> **Aim of the exercise**
Give the listing back in full, exactly as written, with the pictures removed.

> **Provided data**
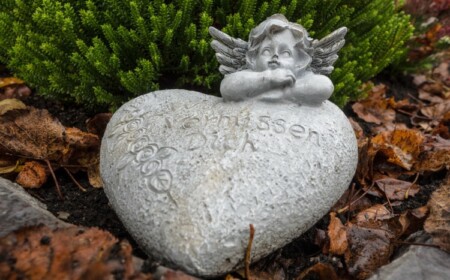 Grabgestaltung mit Grabschmuck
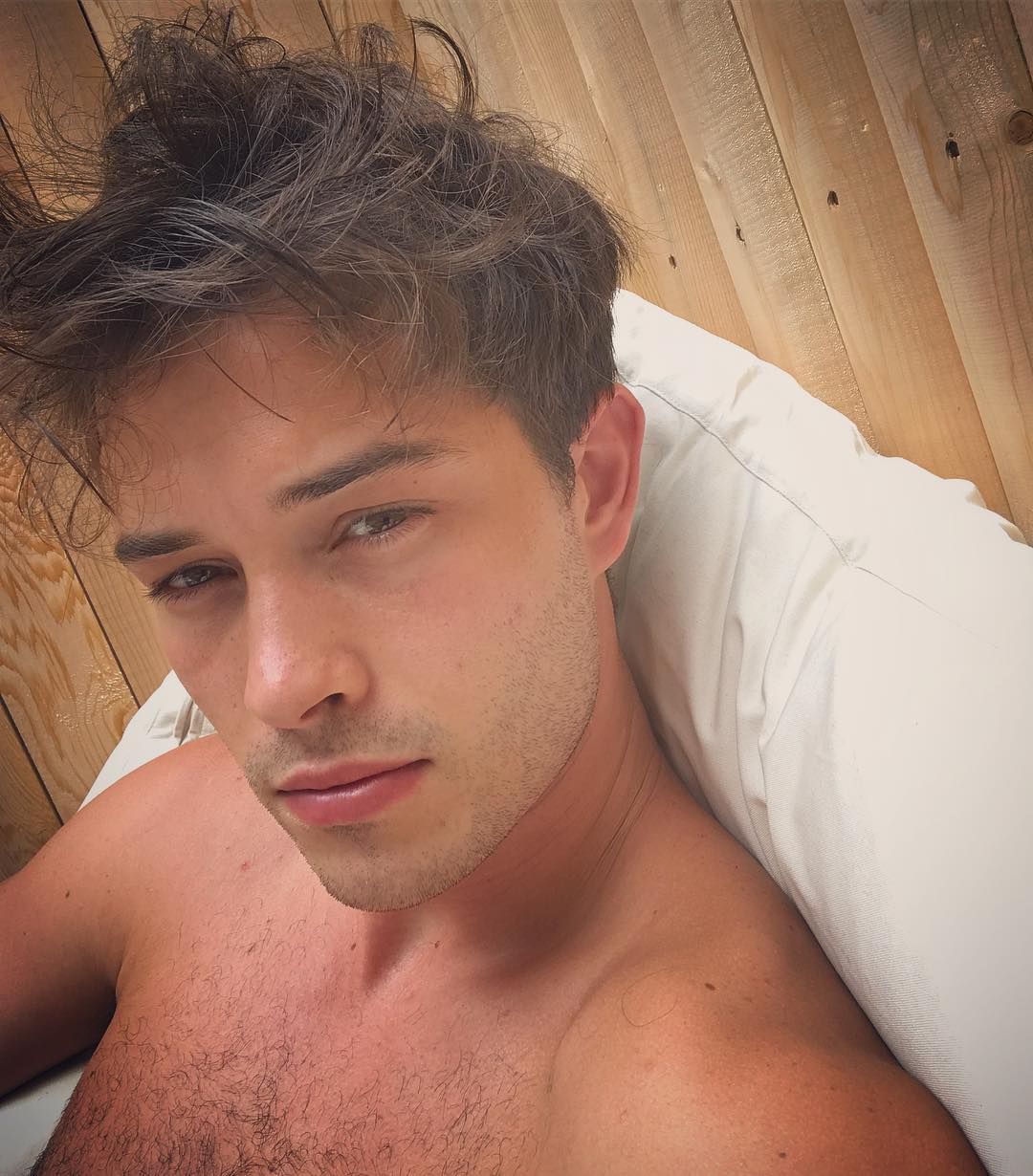 Francisco Lachowski on Instagram: “Hello Friday! What's everyone up to  tonight? ⚡️” | Francisco lachowski, Francisco, Attractive guys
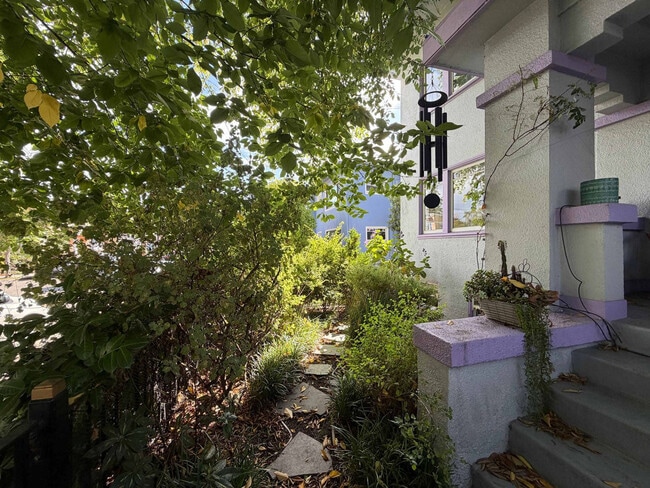 Building Photo - 3148 College Ave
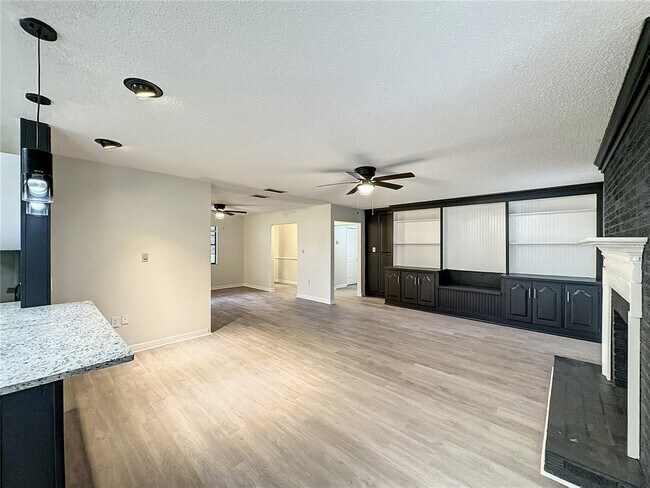 Building Photo - 722 W Alamo Dr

> **Answer space**
 Grabgestaltung mit Grabschmuck
 Francisco Lachowski on Instagram: “Hello Friday! What's everyone up to  tonight? ⚡️” | Francisco lachowski, Francisco, Attractive guys
 Building Photo - 3148 College Ave
 Building Photo - 722 W Alamo Dr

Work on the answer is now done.